At 19:50 UTC, a configuration change that was intended to improve security for user sessions was deployed to the web servers. However, this caused authentication to fail for requests to several distributed services. Within minutes, PagerDuty engineers were notified of the issue.

At 20:06 UTC, the configuration change was identified as the likely cause, and an emergency rollback was attempted shortly thereafter. However, that functionality was impaired by other work that had been deployed on the same day, forcing the configuration change to be undone via the regular, incremental rollout.

By 20:30 UTC the configuration change was undone on all the web servers. Logged in web users who were active during the disruptions were required to log back in, after which pages began to load normally. Additional time was taken to continue monitoring the application.

At 21:08 UTC PagerDuty determined that all systems had been restored.

What Are We Doing About This

We are working on increasing the coverage of the automated test suites for the full stack of our distributed services, and we are adding more health checks to the web application’s deployment canaries to better protect against bad deployments. Lastly, we are improving the reliability of the emergency rollback function, which would have significantly shortened the length of the incident.

We would like to express our sincere regret for the service degradation. For any questions, comments, or concerns, please contact us at support@pagerduty.com.

Posted Dec 18, 2020 - 17:25 UTC

Resolved
We have fully recovered.
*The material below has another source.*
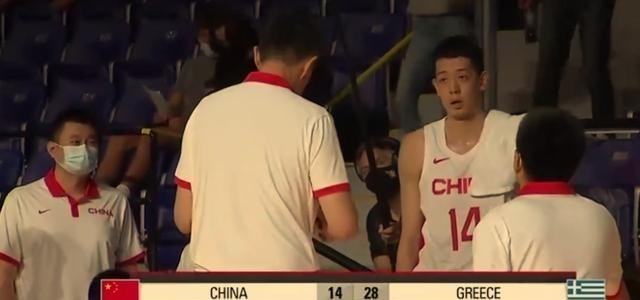 吴有情聊|杜锋气急败坏，冲大鸟怒吼！沈梓捷怒怼，中国队内讧，自乱阵脚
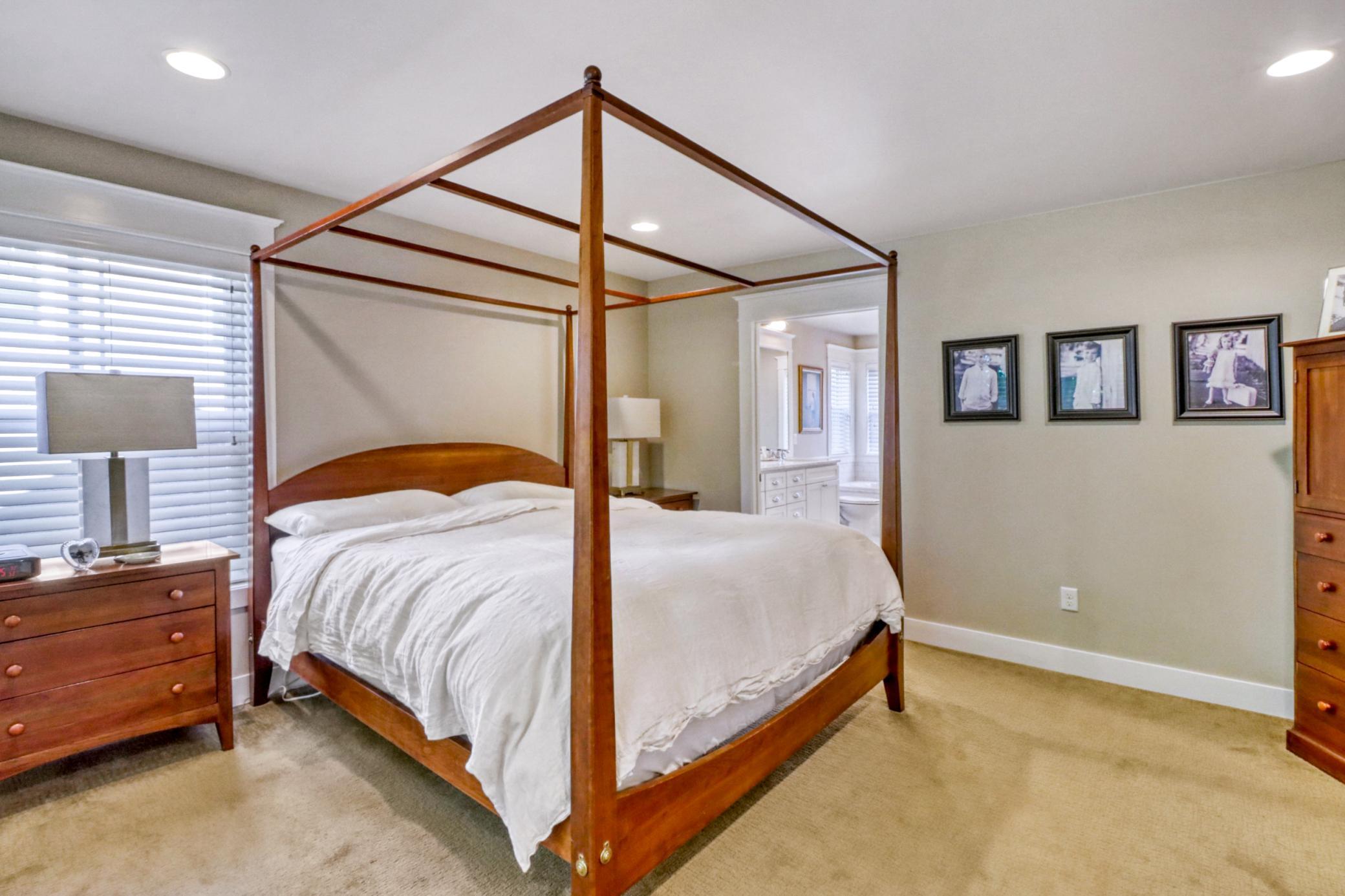 2014 single family home for sale at 910 8th Street S in Fargo, ND — 6 bed, 5 bath (photo 36 of 73)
Users may need to login newly in the web UI in order to see restored functionality.
Posted Dec 08, 2020 - 21:08 UTC
Monitoring
We have implemented a fix and have seen full recovery of functionality. We are continuing to monitor.
Posted Dec 08, 2020 - 20:36 UTC
Investigating
We’re currently seeing various disruptions to normal function in our web UI, including unexpected errors, inability to load pages such as the service directory, continual refreshing, and login issues. We are currently investigating.
Posted Dec 08, 2020 - 20:19 UTC
This incident affected: Web Application (Web Application (US)).